> **Work item**: With the pictures left out, transcribe exactly the lines from the one with "玛哈#同是签文件:苏提达跪地签,诗妮娜躲角落签,泰王却为西拉米铺纸" through the end of the data.

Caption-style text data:
Start of Block

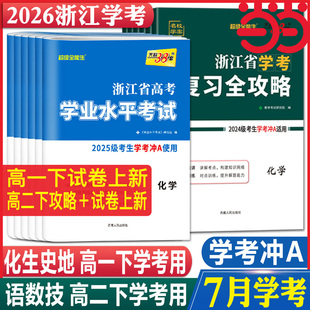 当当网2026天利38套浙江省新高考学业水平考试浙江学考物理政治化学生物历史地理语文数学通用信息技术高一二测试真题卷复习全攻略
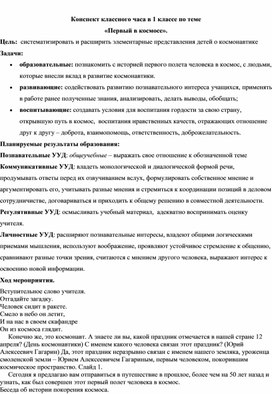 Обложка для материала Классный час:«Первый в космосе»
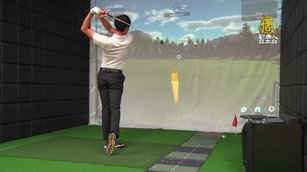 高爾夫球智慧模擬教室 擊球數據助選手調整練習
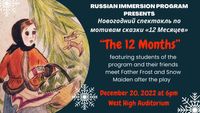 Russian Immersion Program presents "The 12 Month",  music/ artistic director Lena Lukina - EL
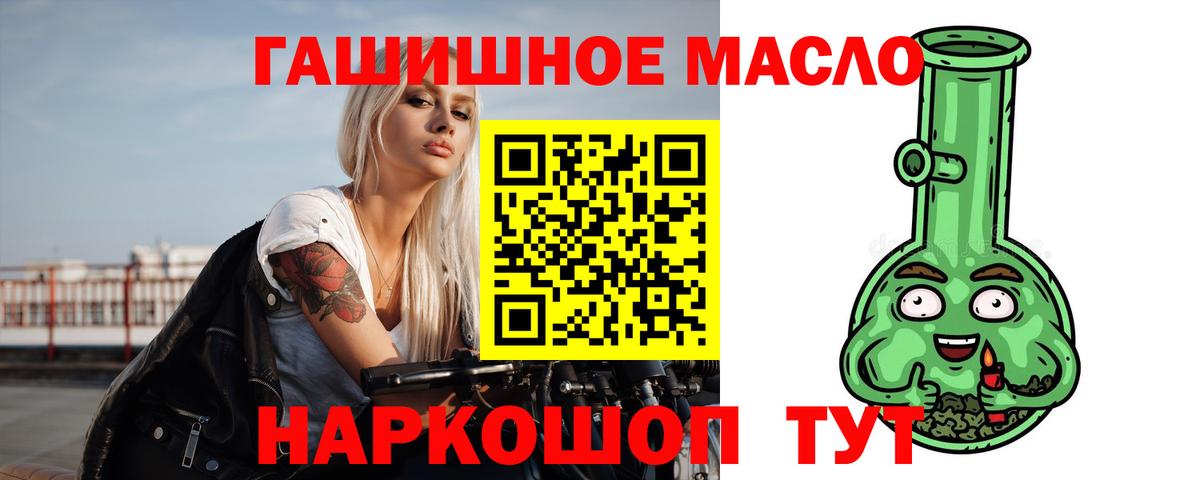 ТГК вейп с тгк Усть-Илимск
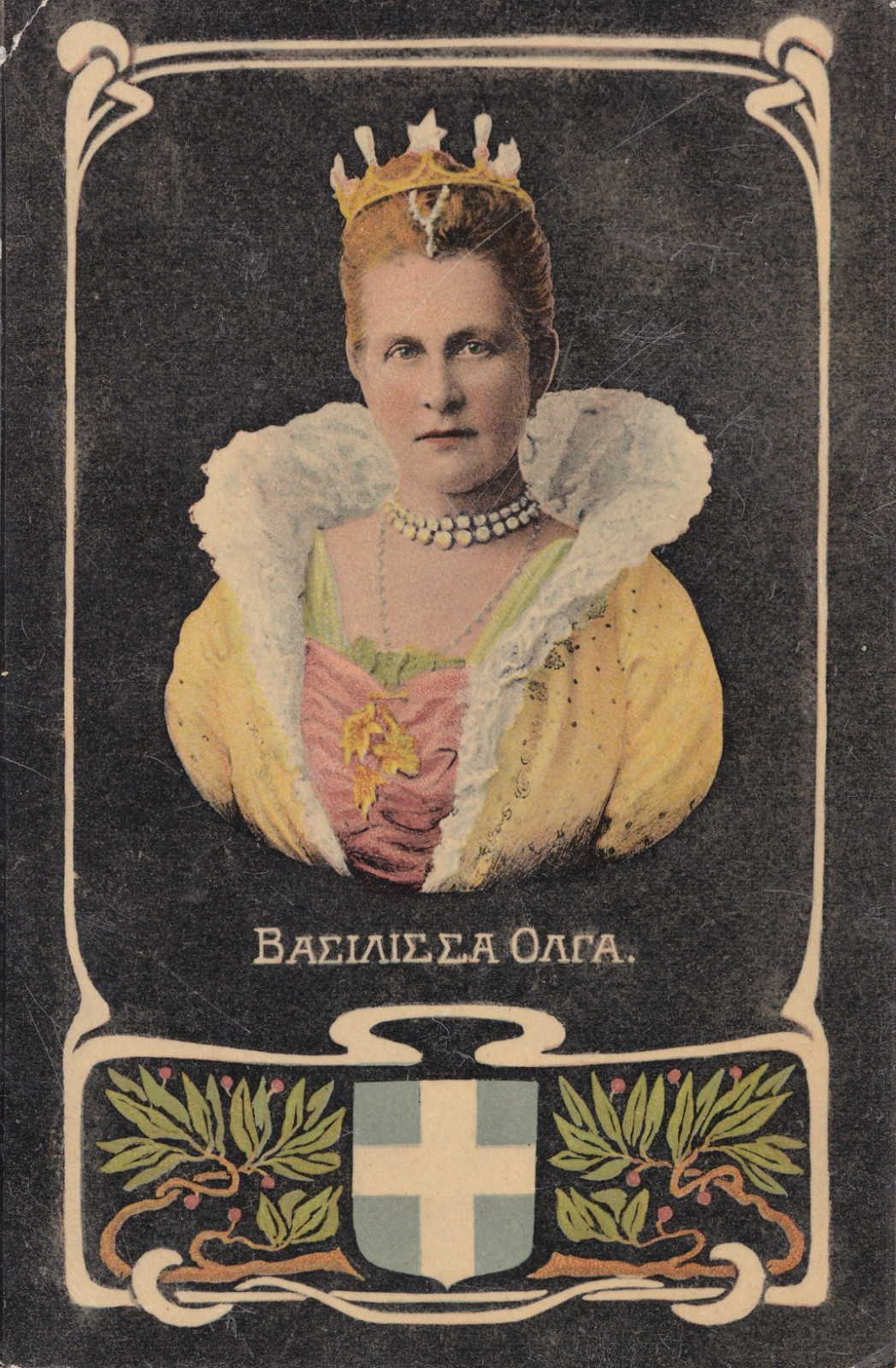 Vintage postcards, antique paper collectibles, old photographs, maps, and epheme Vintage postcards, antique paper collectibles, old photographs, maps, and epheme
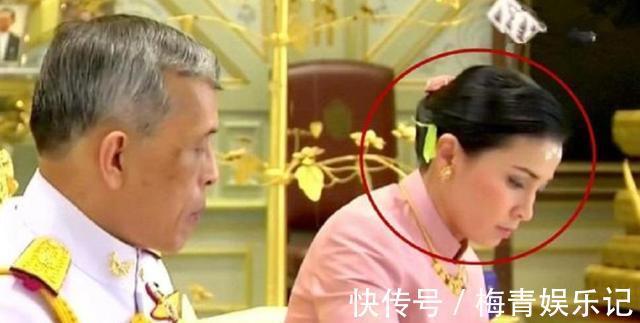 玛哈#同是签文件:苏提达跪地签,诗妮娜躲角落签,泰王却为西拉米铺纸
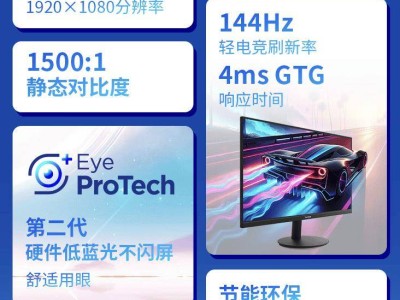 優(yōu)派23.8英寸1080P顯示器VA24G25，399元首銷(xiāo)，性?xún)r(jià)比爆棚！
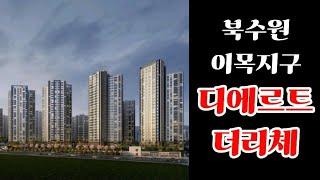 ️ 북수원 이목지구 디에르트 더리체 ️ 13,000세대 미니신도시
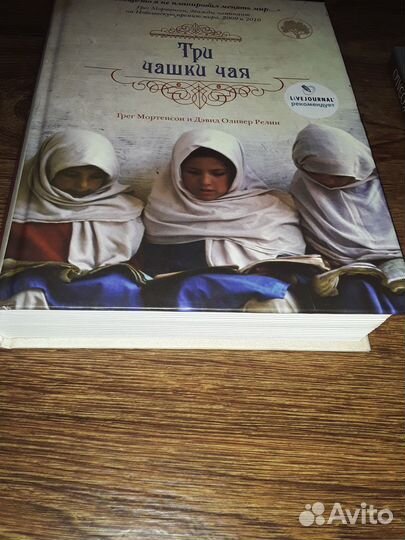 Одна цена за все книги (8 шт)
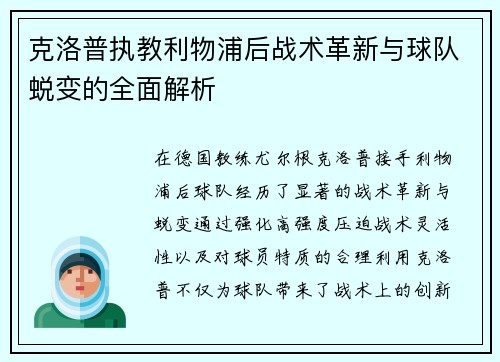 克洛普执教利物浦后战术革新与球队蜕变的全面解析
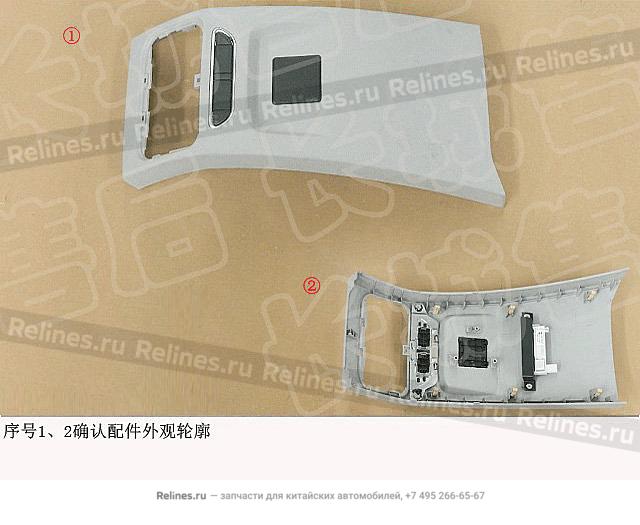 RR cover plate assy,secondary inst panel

End of Block

> **Exercise answer**:
 玛哈#同是签文件:苏提达跪地签,诗妮娜躲角落签,泰王却为西拉米铺纸
 優(yōu)派23.8英寸1080P顯示器VA24G25，399元首銷(xiāo)，性?xún)r(jià)比爆棚！
 ️ 북수원 이목지구 디에르트 더리체 ️ 13,000세대 미니신도시
 Одна цена за все книги (8 шт)
 克洛普执教利物浦后战术革新与球队蜕变的全面解析
 RR cover plate assy,secondary inst panel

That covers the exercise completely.